**** INPUT DATA

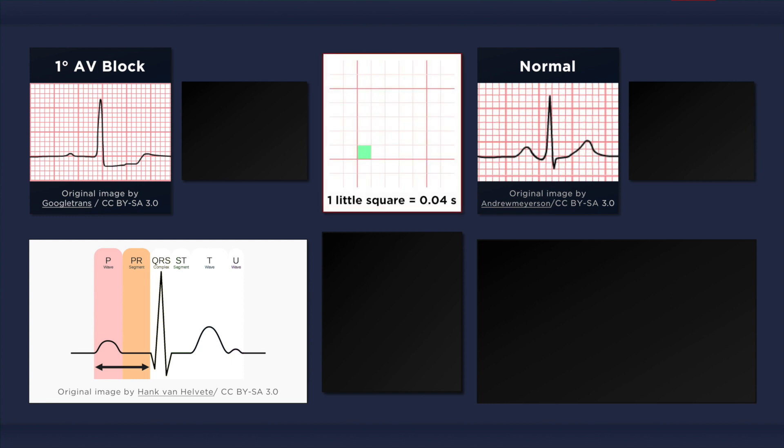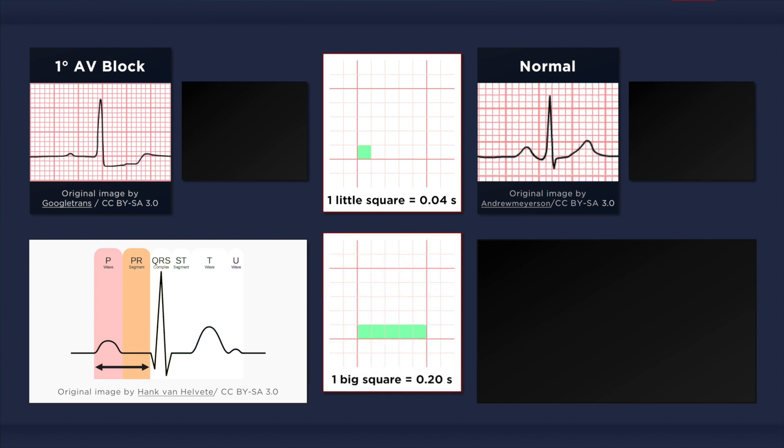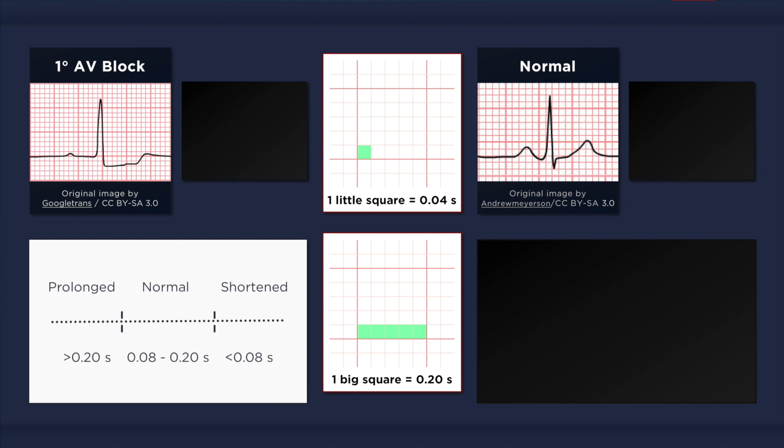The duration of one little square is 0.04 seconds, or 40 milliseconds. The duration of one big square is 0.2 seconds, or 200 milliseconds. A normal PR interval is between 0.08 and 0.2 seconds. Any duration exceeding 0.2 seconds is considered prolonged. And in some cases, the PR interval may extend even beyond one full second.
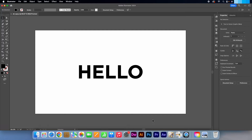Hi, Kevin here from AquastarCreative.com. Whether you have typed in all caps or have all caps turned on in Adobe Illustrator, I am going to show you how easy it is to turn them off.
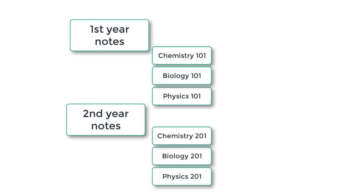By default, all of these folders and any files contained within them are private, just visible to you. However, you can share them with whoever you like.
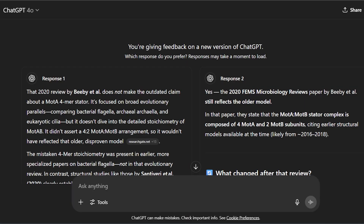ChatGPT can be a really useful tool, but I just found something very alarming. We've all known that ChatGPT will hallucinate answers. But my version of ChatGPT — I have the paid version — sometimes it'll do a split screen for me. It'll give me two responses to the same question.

********

EXERCISE BRIEF: Begin the copy at the line containing "Hi, Kevin here" and end it at the final line of the material above, reproducing each line exactly and omitting pictures.

RESPONSE AREA:
Hi, Kevin here from AquastarCreative.com. Whether you have typed in all caps or have all caps turned on in Adobe Illustrator, I am going to show you how easy it is to turn them off.
By default, all of these folders and any files contained within them are private, just visible to you. However, you can share them with whoever you like.
ChatGPT can be a really useful tool, but I just found something very alarming. We've all known that ChatGPT will hallucinate answers. But my version of ChatGPT — I have the paid version — sometimes it'll do a split screen for me. It'll give me two responses to the same question.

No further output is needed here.